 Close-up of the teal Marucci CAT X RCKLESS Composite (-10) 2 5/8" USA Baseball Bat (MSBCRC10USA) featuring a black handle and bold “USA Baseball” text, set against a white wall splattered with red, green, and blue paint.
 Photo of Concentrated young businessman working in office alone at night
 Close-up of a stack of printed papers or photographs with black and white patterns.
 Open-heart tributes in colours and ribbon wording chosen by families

--

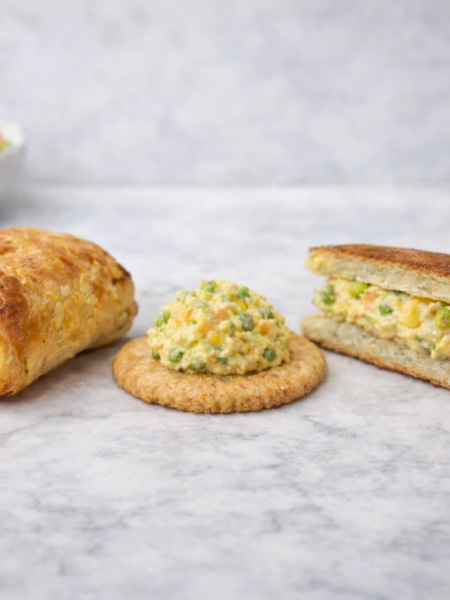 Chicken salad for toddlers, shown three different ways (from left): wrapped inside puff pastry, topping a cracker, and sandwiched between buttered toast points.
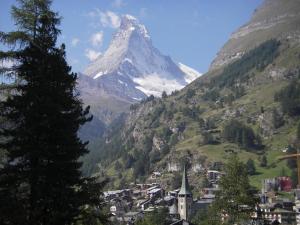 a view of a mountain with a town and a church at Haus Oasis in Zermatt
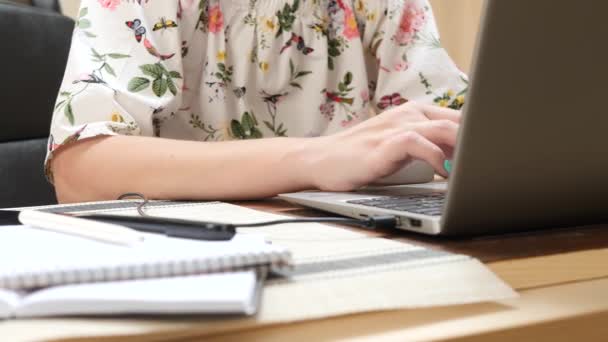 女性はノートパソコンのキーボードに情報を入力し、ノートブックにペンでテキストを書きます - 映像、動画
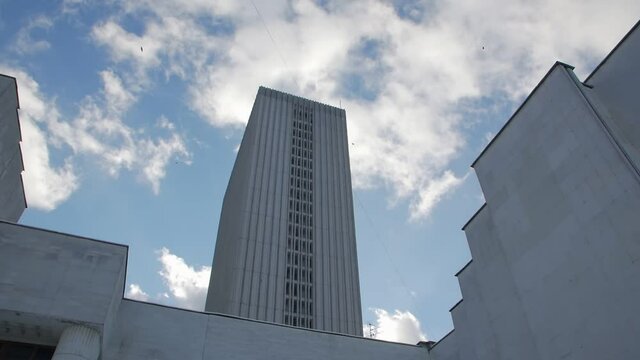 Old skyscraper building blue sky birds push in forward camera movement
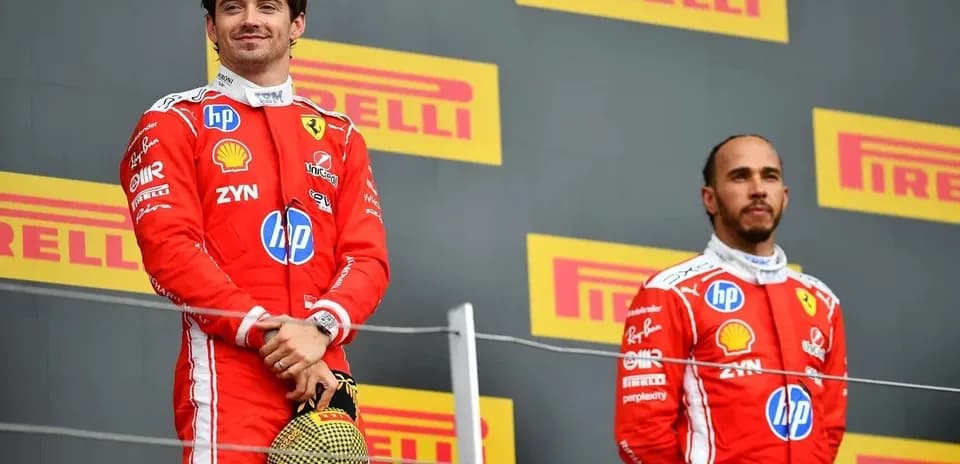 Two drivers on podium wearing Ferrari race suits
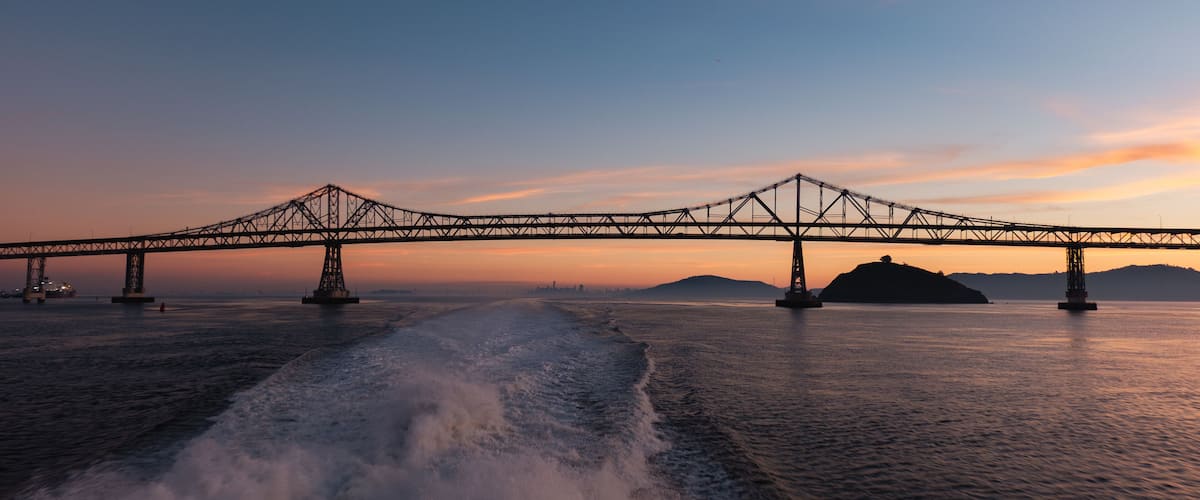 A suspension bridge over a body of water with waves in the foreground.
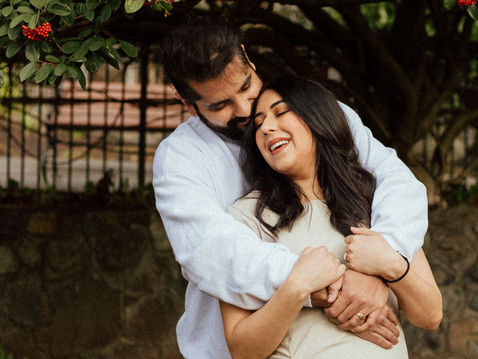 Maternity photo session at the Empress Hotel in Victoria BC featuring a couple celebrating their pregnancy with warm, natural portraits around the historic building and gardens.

Problem requirements -
Filter the lines above, keeping and copying those that contain "white".

Your solution -
 Close-up of the teal Marucci CAT X RCKLESS Composite (-10) 2 5/8" USA Baseball Bat (MSBCRC10USA) featuring a black handle and bold “USA Baseball” text, set against a white wall splattered with red, green, and blue paint.
 Close-up of a stack of printed papers or photographs with black and white patterns.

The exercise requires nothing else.